The Best Records & Shows of 2013

The Best Records & Shows of 2013

11) Hero Dishonest – Alle Lujaa (If Society)
 A year ago I visited Helsinki, and stayed in the flat of the bass player, Lasse. I slept on the floor of his kitchen, and it was a total fucking mess. Taking a look at the front of this record cover, I see someone else sleeping on the floor and the kitchen has finally been cleaned! Well I must have slipped down to the Z list of punk-rock stardom. Don’t you know who I was?

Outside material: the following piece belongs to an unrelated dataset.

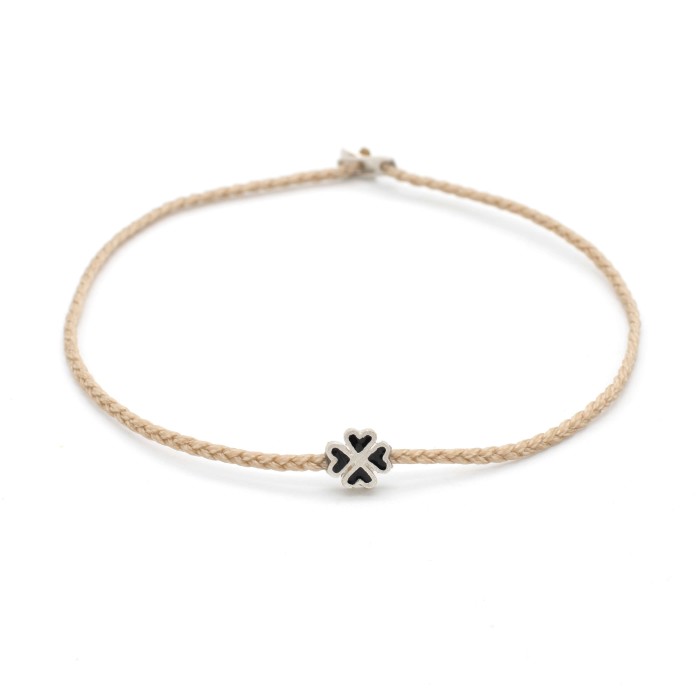 Bracelet - "Little Four Leaf Clover" - Black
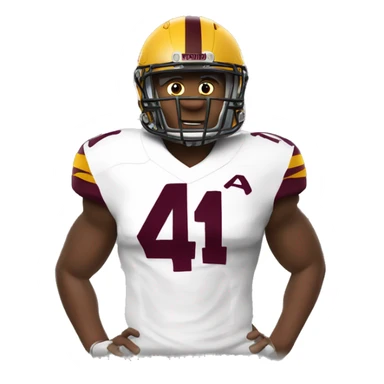 Arizona state university football white player number 4 sticker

In all seriousness this is another blistering, relentless, and insane piece of punk wax. 11 tracks and side A, and 2 tracks on side B – what has always made these Finnish freaks stand out is that fact that they try out different styles in their songs, without loosing the quintessential hardcore punk sound. Fourteen years is a long time for a band to be around, especially a hardcore punk band, so you’ve got to be on top of your game to be around this long. The hourglass still runs for these Helsinki Hobos. 
 
10) Iron Chic – The Constant One (Bridge Nine)

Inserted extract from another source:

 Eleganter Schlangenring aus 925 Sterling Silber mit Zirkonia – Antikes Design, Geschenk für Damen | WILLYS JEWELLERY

Back in the late 1990’s we used to head out to local squat parties to catch bands playing live. The post gig techno party saw many a gurning face wobble along to bass lines, and smiles erecting as if they were attached to an invisible fishing hook sent down from the holy spirit jah. This is how I feel every time I listen to Iron Chic, releasing positive endorphins and radiating a warm sense of joyful reflection. I wrote lovely things about them when I saw them play live earlier this year (See here), yet who would’ve thought that a balding American man with no fashion sense, can once again produce such spiritually uplifting pop-punk anthems that drive ones soul into a positive sense of euphoria. This record is just as good as their last.

9) Criminal Damage – Call of Death (Feral Ward)
If one has ever been a victim of slander; having their name scraped through mud, being casualty to hidden gossip and lies, then you will no doubt grow an affection to the bitterness, hatred, and dejected lyrics that come out of a Criminal Damage record. Thankfully so, is a bell that once chimed so loud, is now unheard in that corridor of uncertainty, and forever banished to the Boora bog. Dark melodic oi punk, ala BLITZ in the year 2000. Not as good as their first two records, yet still displaces most others in the genre. The soundtrack to alienation.
8) Pet Shop Boys – Electric (x2)
You are probably thinking ‘what the fuck is this doing on an article about punk music?’ Well this is the synth-pop duo’s first release on their own label (DIY!) after finishing their career-spanning contract on Parlaphone. Stuart Price produced it with the specific aim of getting them back to their roots, and making a pure ‘dance’ record. They have done just that. Tracks such as ‘Thursday’, ‘Electric’ and the queer 8-bit cheesiness of ‘Love is a Bourgeois Construct’, prove just that. We were so excited for this release that Heather, Mike from Owlbot / Norman Records, and I went to see them at Manchester Arena, and it was indeed ‘Electric’! 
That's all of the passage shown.